As a professional process server running your own business, you will be faced with a decision regarding your business email. Will you acquire a custom domain based on your business or will you choose a free email service provider, such as Gmail, Yahoo, or AOL? Your choice will impact your expenses and how prospective clients and other process serving companies perceive your business. In this article, we will discuss when you should set up and use a domain email address for your business instead of a free service provider.
What is a Free Service Provider Email versus a Business Email Address?
You likely have a Gmail, Yahoo, or similar account for your personal email. These emails are branded with the name of the free service provider – JohnDoe@gmail.com. In contrast, a business email address will use your domain name – johnD@yourcompany.com.
When Should I use a Free Email Service?
If you intend to operate mainly as a server in the field for process serving companies, a free service provider account is perfectly acceptable. Or, if you are just starting out, the investment in a business domain simply may not be within your budget. If you decide to use a free email service provider to get started, use your company name instead of your own name or any kind of nickname or alias of a personal nature. For example, create an email such as yourcompany@gmail.com instead of john@gmail.com or dolphinsfan65@yahoo.com. You want to create an image of professionalism, portraying that being a process server isn’t just a new or temporary endeavor for you.
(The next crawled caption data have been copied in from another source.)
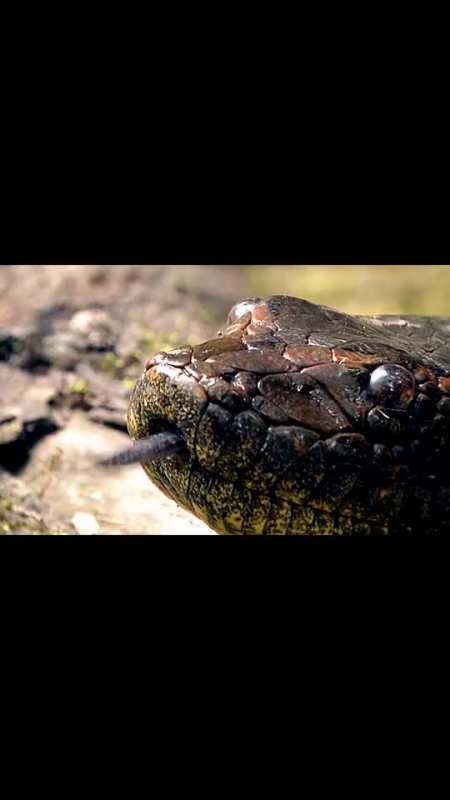 动物世界亚马逊森蚺,一口能吞下美洲豹的巨蛇,它到底有多大你自己看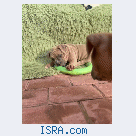 American Bully Pocket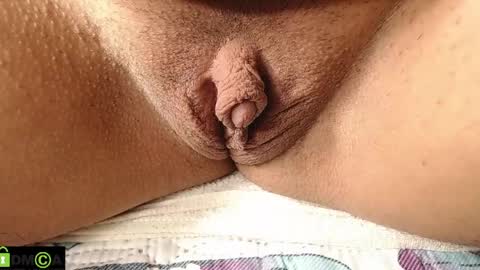 Mikell Williams online show from 6, 4, 2026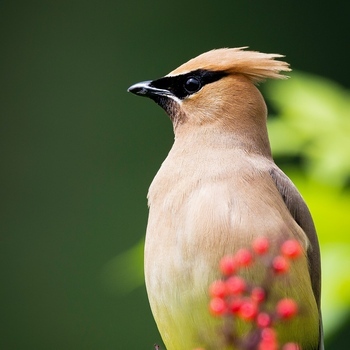 Avatar of Waxwing Wellness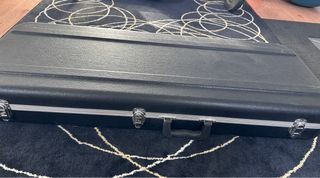 Guitarra electrica y caja de transporte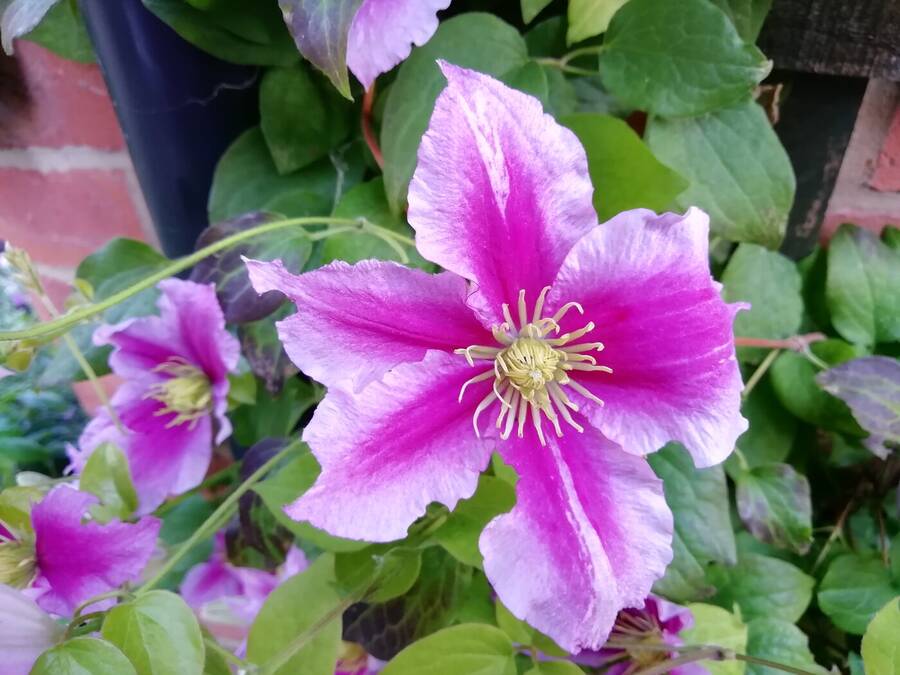 photographer Dave Wells uncategorized  photo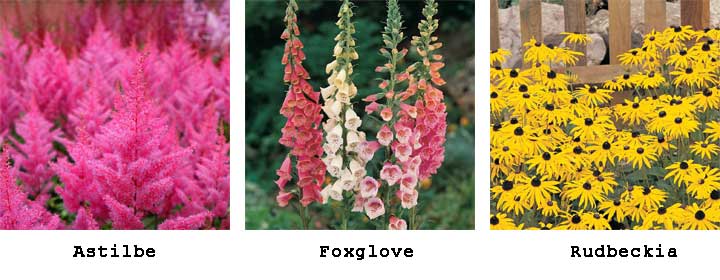 Perennials for clay soil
Why Should I use a Domain Email Address?
If you have a client-facing process serving business, you should consider a business email as essential, because a business email provides:
- A More Professional Impression: A business email address gives a great first professional impression and strengthens your brand. Many clients expect your business to have a domain name and a website and will believe it shows credibility as a stable, “in for the long haul” business. For example, if you are at a networking event to connect with attorneys and paralegals, they will collect business cards from multiple people, including your potential competitors. After the event, as they review those cards to add information to their contact lists, they notice you have a Gmail or AOL account, while your competitor has a business email address. How do you think they will react to your email versus your competitor’s email? They may start to question your credibility and might choose your competitor over you when they have a job.
- Insulation from Changes in Provider Reputation: The reality is that free service providers gain and lose popularity and reputation and those changes can impact the efficacy of what is probably your main communication channel. The email account you set up 20 years ago – AOL, Yahoo, Hotmail – is not considered cutting edge now with the general public and in professional circles. In fact, most people view emails from those domains as highly suspect for spam email and clients may miss your emails if they are barred at their firm’s firewall or thrown into a spam email folder. Even worse, your free service provider could go out of business! Think it can’t happen? Remember cis.com, compuserve.com, rocketmail.com, onebox.com, usa.net – just to name a few? Now you’ll have to “resell” yourself with a new email address. While Gmail seems to be the most used free service provider now, what will its status be ten years from now? As a professional, using a custom domain for your business email address insulates you from these changes in free service provider reputations and trends.
- Flexibility: With a free service provider, you will likely end up setting up one email – yourcompany@gmail.com – that will receive all of your email. But as you grow, this will become a hassle. Will you have multiple employees now trying to use that one account? If you want to add more emails what will those addresses be – submitjobstoyourcompany@gmail.com? With a business domain email address, you can set up multiple emails easily and the names can be more intuitive with your company name as the domain – submitjob@yourcompay.com. You can also create email aliases or email forwarders. For example, you can create your main email john@yourcompany.com and then create the aliases service@yourcompany.com or info@yourcompany.com that will forward to your main email address. Your business will appear organized and professional, with an indeterminate number of employees.
- Freedom: Owning your own domain means you are no longer tied to a specific email service provider. You have the freedom to use any email host (e.g. Outlook) and change hosting providers (e.g. GoDaddy, Wix) as you like. Just be sure to keep track of your user ID and password for your hosting provider, so you can change providers or allow access to website designers as needed.
How do you Get a Domain and Set Up a Business Email Address?
A business email address will be based on a domain name that you purchase. You can purchase a domain from many places, such as GoDaddy, Wix, and NameCheap. If you are starting your own company and thinking about company names, you’ll want to check registered business names in your state, and you should look at available domain names too! When you decide on your business name, purchase the domain name right away. You can get a website and business email address then at your leisure, when you feel the time is right. There are many companies that can design and host your website, including DBS. With a website most hosting companies will provide you with an included number of email addresses. DBS offers 5 email address associated with your domain.
Final Thoughts
As a professional process server, your email address is important. It is how you communicate to your clients and is part of your business card first impression. Whether you choose to do a custom domain or use a free email service provider, your email address should convey professionalism and dependability.